Nearly all of the unique BLAST matches were to proteins characterized in green plants (Table 3). A small subset, however, were to proteins characterized in other organisms, and could represent contaminant RNA in the floral tissues we sampled. In particular, a reasonably large number of matches were to plant viral genes (Table 3).

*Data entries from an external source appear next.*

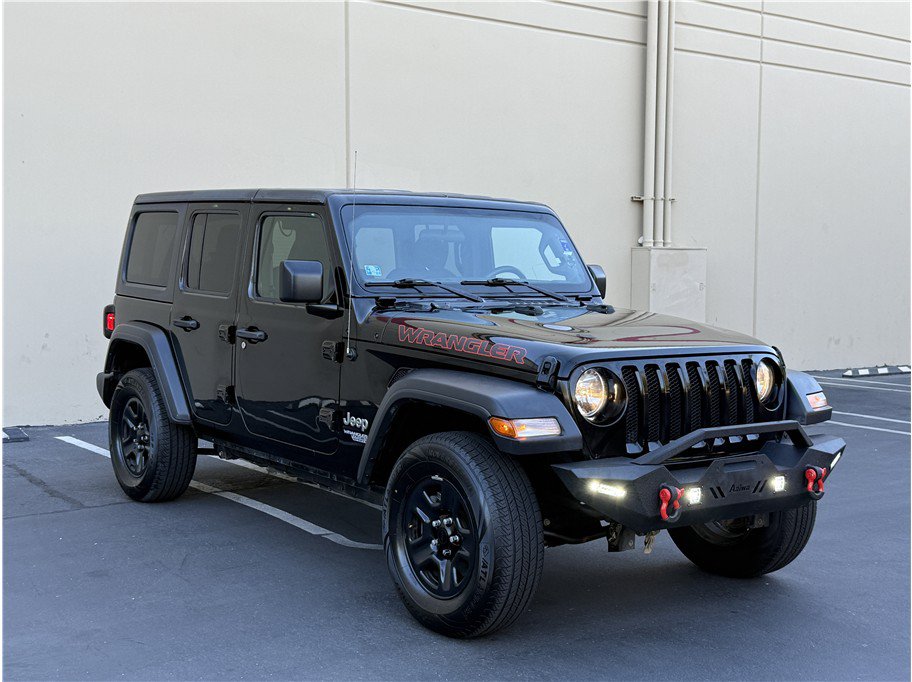 Used 2018 Jeep Wrangler Unlimited Sport AWD/4WD image 3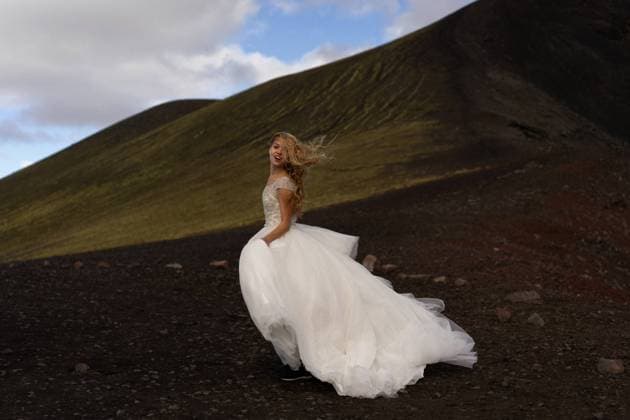 Creative Highlights Symbolbilder Bride in a wedding dress in the mountains of Iceland Reykjavík, Reykjavíkurborg, Iceland CR_YUKI241103-1571998-01 ,model released, Symbolfoto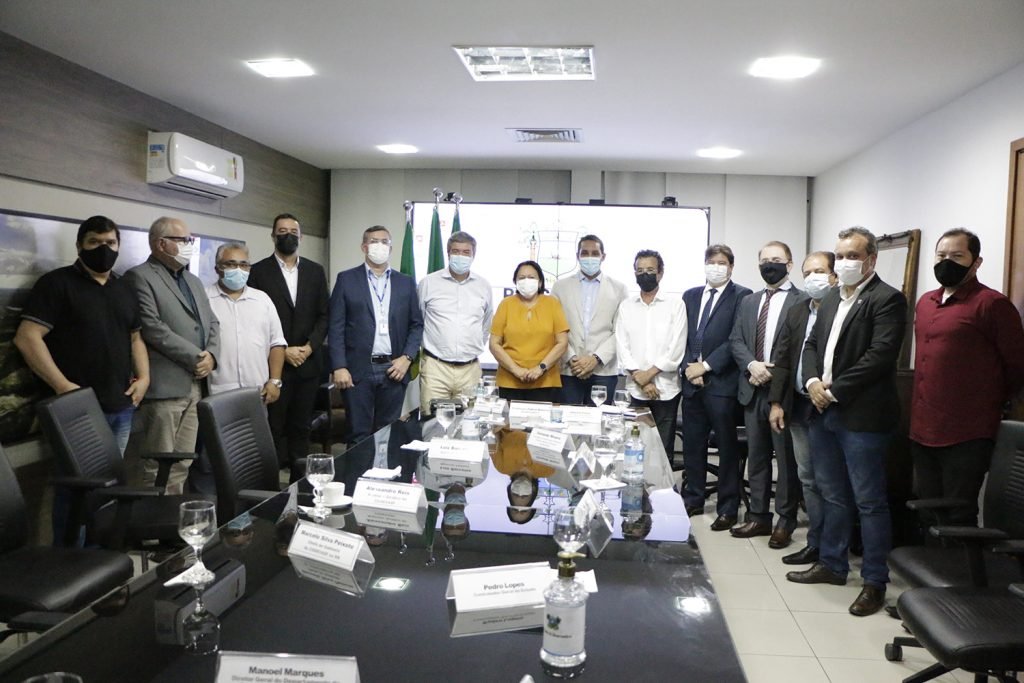 Governo firma parceria com a Codevasf para pavimentar 15 quilômetros da Estrada do Melão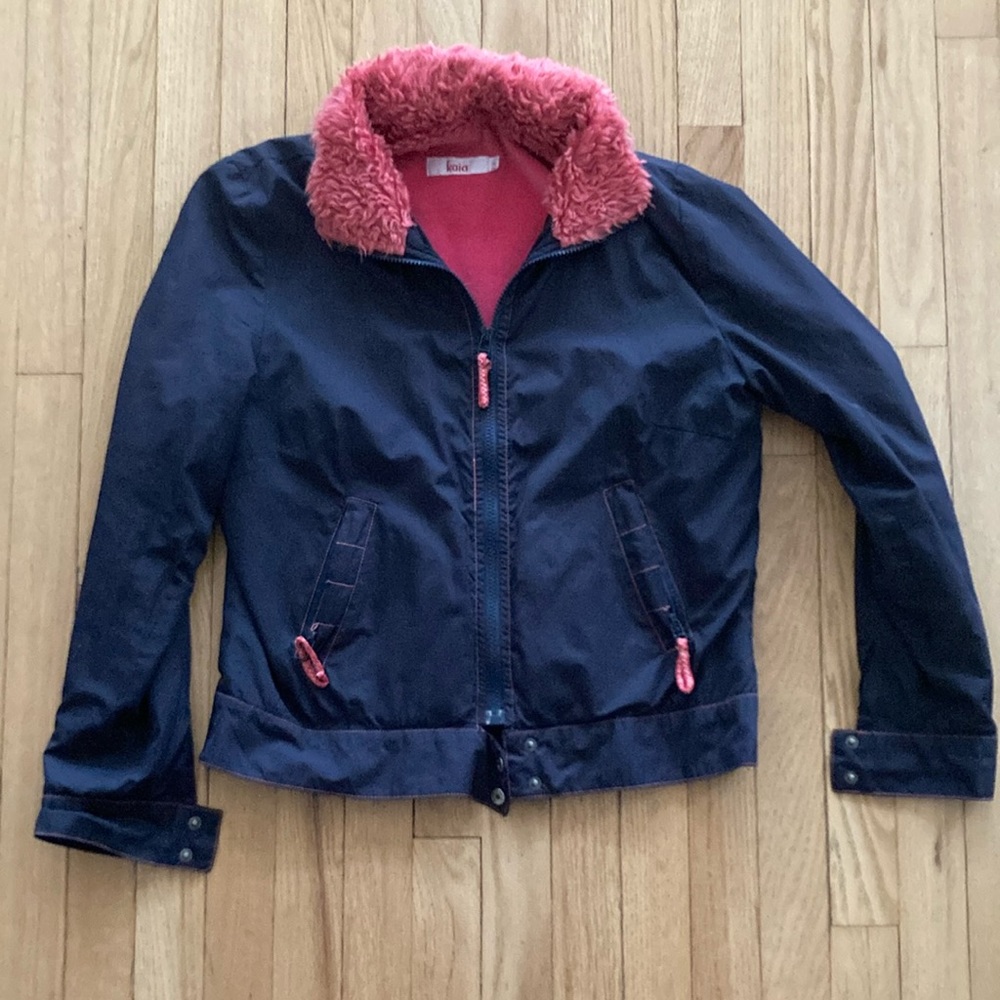 Dark Blue, pink and ren inside Jacket with hood.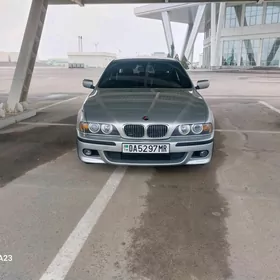 BMW E39 2001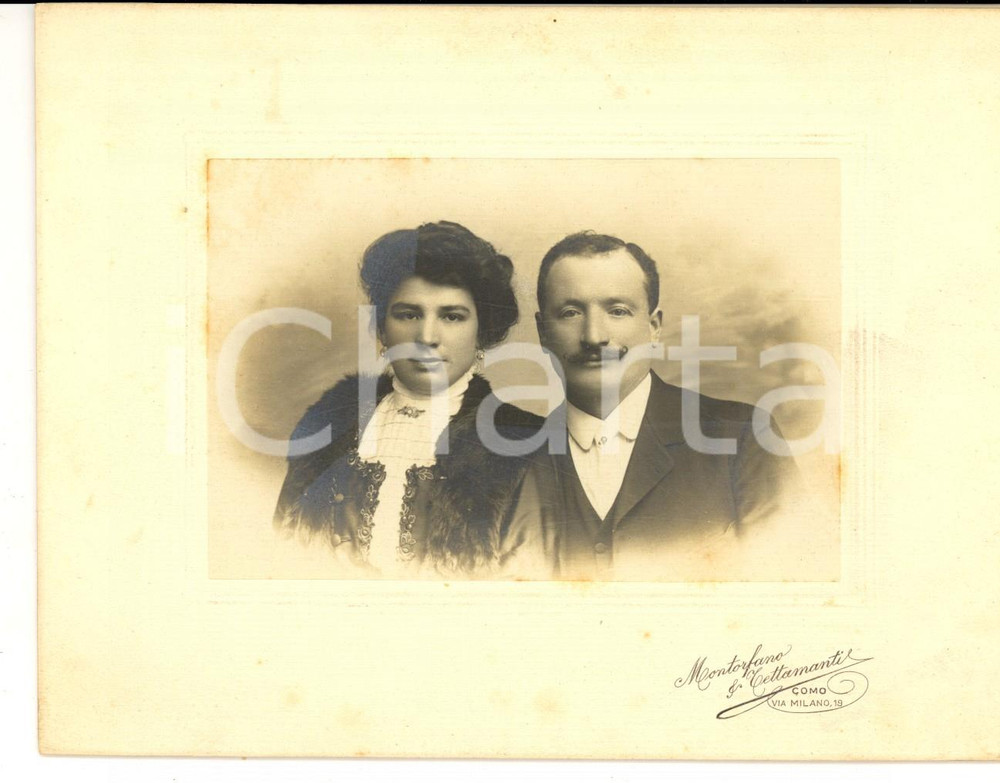 Fotografia d epoca originale 1900 ca COMO Ritratto di due coniugi Fotografia MONTORFANO & TETTAMANTI 1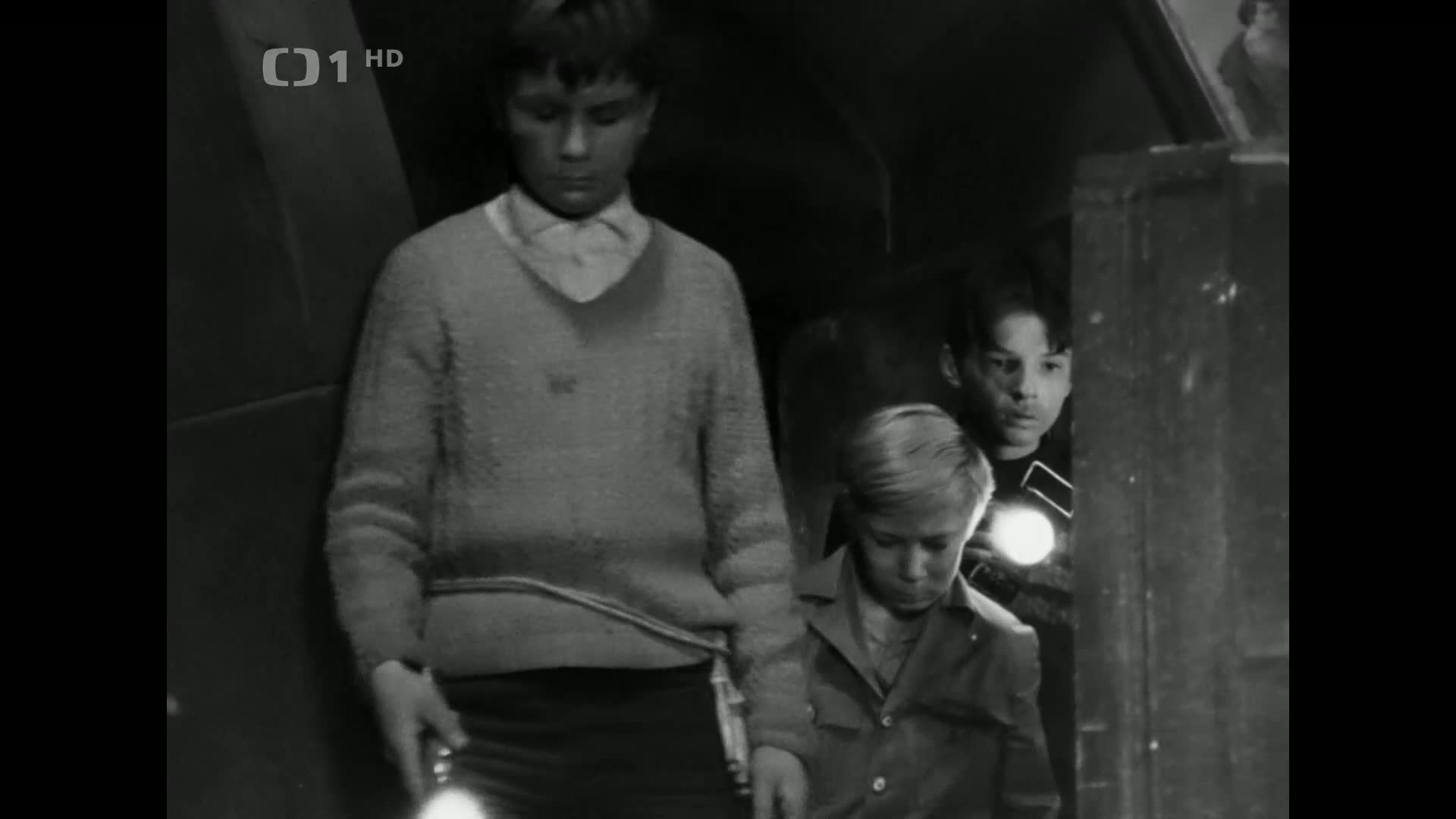 Rychlé šípy   Záhada hlavolamu {1969} dobrodružný 6 díl 1080p mkv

However, low frequencies of BLAST hits to distantly related taxonomic groups are common in such transcriptome sequencing studies and are often attributable to factors other than contaminant RNA,13,17,45 e.g. these sequences could be short contigs containing little information, genes that have not been well characterized in plants, or novel Z. celata genes.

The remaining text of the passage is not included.